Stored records
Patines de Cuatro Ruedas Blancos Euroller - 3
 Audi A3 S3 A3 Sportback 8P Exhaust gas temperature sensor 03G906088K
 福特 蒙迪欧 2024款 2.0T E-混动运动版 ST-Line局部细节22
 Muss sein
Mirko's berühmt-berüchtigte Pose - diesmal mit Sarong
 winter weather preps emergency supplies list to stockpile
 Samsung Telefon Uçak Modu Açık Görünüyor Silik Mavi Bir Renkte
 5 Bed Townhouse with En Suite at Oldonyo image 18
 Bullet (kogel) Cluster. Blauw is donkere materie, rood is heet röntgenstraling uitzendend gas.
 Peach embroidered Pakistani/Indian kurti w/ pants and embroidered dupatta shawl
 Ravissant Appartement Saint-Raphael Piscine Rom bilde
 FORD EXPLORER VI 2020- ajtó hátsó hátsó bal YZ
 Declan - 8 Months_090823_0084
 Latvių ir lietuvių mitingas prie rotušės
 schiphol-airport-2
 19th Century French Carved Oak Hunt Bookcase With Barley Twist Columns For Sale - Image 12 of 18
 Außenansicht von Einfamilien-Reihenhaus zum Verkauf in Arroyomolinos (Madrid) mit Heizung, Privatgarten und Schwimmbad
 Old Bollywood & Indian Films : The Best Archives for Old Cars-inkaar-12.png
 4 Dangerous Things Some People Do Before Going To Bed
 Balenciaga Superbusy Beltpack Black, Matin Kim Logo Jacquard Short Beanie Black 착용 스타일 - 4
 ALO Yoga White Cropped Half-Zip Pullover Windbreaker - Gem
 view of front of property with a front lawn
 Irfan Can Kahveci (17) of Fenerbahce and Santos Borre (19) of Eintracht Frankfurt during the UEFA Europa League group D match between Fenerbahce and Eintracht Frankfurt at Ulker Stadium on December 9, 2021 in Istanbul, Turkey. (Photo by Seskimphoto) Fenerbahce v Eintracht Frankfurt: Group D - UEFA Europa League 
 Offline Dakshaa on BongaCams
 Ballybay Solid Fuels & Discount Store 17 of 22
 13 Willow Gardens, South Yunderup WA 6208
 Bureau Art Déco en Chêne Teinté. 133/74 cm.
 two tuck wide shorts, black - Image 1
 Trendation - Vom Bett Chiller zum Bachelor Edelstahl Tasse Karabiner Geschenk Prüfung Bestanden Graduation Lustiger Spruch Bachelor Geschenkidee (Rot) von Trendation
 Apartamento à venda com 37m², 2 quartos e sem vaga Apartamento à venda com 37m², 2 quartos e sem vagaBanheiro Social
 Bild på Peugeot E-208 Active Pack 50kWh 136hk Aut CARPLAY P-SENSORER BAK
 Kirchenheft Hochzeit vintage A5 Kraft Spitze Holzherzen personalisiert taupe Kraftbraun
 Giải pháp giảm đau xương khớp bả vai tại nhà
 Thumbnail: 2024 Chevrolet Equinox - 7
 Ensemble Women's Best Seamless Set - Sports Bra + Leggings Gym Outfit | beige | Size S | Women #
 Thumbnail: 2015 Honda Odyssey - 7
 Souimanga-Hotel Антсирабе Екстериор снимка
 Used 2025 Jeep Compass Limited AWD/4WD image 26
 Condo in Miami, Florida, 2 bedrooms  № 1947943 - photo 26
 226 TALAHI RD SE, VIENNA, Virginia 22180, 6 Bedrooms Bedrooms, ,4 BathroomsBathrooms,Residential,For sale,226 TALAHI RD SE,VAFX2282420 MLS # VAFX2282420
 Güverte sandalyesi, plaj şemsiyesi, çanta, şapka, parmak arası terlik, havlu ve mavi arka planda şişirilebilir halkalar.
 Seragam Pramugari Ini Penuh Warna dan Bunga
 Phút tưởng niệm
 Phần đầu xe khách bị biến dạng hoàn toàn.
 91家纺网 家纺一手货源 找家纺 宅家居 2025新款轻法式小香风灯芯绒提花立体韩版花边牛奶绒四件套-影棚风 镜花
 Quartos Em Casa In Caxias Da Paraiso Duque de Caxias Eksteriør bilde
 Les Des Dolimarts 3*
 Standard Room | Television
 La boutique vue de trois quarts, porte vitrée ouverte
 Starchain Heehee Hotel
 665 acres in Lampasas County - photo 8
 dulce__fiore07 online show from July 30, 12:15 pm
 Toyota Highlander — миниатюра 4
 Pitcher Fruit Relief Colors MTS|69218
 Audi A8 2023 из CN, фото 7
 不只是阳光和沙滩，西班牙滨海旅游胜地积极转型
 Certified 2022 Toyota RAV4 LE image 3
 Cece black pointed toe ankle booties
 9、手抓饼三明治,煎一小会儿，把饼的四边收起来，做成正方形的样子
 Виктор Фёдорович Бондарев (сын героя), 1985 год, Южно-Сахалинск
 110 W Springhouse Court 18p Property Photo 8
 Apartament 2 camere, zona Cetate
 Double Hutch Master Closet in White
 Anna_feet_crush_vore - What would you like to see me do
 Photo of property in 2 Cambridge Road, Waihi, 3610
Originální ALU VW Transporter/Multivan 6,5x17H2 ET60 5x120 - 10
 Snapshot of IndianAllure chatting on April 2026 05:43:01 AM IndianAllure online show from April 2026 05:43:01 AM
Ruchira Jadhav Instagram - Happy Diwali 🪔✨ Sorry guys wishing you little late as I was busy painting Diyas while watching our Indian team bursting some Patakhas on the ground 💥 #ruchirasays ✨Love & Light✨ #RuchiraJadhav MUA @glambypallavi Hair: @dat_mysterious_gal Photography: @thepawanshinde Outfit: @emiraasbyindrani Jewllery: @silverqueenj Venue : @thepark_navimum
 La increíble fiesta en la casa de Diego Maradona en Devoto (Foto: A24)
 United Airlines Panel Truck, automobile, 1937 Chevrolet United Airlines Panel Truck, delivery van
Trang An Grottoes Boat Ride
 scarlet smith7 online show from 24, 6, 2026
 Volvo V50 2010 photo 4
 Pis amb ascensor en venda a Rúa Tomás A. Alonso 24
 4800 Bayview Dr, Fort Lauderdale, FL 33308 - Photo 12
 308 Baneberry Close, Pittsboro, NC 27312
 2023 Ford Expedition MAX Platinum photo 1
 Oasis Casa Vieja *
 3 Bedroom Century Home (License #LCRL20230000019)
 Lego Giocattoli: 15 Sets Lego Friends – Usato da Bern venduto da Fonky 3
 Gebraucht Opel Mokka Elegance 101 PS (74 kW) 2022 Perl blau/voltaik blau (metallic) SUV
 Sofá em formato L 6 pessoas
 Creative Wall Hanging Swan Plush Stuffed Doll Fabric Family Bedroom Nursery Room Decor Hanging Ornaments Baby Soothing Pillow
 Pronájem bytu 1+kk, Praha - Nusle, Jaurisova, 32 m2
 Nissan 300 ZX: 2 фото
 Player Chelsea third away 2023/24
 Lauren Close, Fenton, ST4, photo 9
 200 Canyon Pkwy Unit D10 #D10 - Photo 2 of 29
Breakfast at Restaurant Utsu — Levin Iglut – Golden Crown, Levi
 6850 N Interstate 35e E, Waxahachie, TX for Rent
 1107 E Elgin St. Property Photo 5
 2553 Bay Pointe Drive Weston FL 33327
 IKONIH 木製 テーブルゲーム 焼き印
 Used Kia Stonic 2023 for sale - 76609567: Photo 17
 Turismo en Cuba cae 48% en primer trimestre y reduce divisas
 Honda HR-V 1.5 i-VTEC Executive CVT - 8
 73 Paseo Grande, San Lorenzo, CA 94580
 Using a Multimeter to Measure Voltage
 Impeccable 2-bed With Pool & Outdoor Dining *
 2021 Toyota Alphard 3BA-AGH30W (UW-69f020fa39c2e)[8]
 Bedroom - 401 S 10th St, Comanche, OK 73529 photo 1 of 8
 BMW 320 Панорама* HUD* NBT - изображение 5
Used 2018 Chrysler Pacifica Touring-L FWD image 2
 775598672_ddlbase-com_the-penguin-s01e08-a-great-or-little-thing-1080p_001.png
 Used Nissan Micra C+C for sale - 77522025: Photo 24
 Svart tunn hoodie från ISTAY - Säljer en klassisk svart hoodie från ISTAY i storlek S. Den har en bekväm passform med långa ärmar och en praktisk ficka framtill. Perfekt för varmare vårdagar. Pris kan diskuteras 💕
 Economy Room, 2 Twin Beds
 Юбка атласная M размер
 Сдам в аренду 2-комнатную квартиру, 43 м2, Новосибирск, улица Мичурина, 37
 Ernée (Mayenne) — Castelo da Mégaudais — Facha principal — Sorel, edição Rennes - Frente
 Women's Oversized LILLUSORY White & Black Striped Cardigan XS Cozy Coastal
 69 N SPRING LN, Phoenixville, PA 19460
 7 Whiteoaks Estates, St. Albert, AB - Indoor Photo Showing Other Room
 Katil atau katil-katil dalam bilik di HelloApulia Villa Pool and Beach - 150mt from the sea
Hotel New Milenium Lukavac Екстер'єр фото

**EXERCISE DIRECTIONS**
Could you transcribe the entries above word for word, from the line with "Certified 2022 Toyota RAV4 LE image 3" down to the line with "United Airlines Panel Truck, automobile, 1937", keeping both?

**RESULT OF THE EXERCISE**
 Certified 2022 Toyota RAV4 LE image 3
 Cece black pointed toe ankle booties
 9、手抓饼三明治,煎一小会儿，把饼的四边收起来，做成正方形的样子
 Виктор Фёдорович Бондарев (сын героя), 1985 год, Южно-Сахалинск
 110 W Springhouse Court 18p Property Photo 8
 Apartament 2 camere, zona Cetate
 Double Hutch Master Closet in White
 Anna_feet_crush_vore - What would you like to see me do
 Photo of property in 2 Cambridge Road, Waihi, 3610
Originální ALU VW Transporter/Multivan 6,5x17H2 ET60 5x120 - 10
 Snapshot of IndianAllure chatting on April 2026 05:43:01 AM IndianAllure online show from April 2026 05:43:01 AM
Ruchira Jadhav Instagram - Happy Diwali 🪔✨ Sorry guys wishing you little late as I was busy painting Diyas while watching our Indian team bursting some Patakhas on the ground 💥 #ruchirasays ✨Love & Light✨ #RuchiraJadhav MUA @glambypallavi Hair: @dat_mysterious_gal Photography: @thepawanshinde Outfit: @emiraasbyindrani Jewllery: @silverqueenj Venue : @thepark_navimum
 La increíble fiesta en la casa de Diego Maradona en Devoto (Foto: A24)
 United Airlines Panel Truck, automobile, 1937 Chevrolet United Airlines Panel Truck, delivery van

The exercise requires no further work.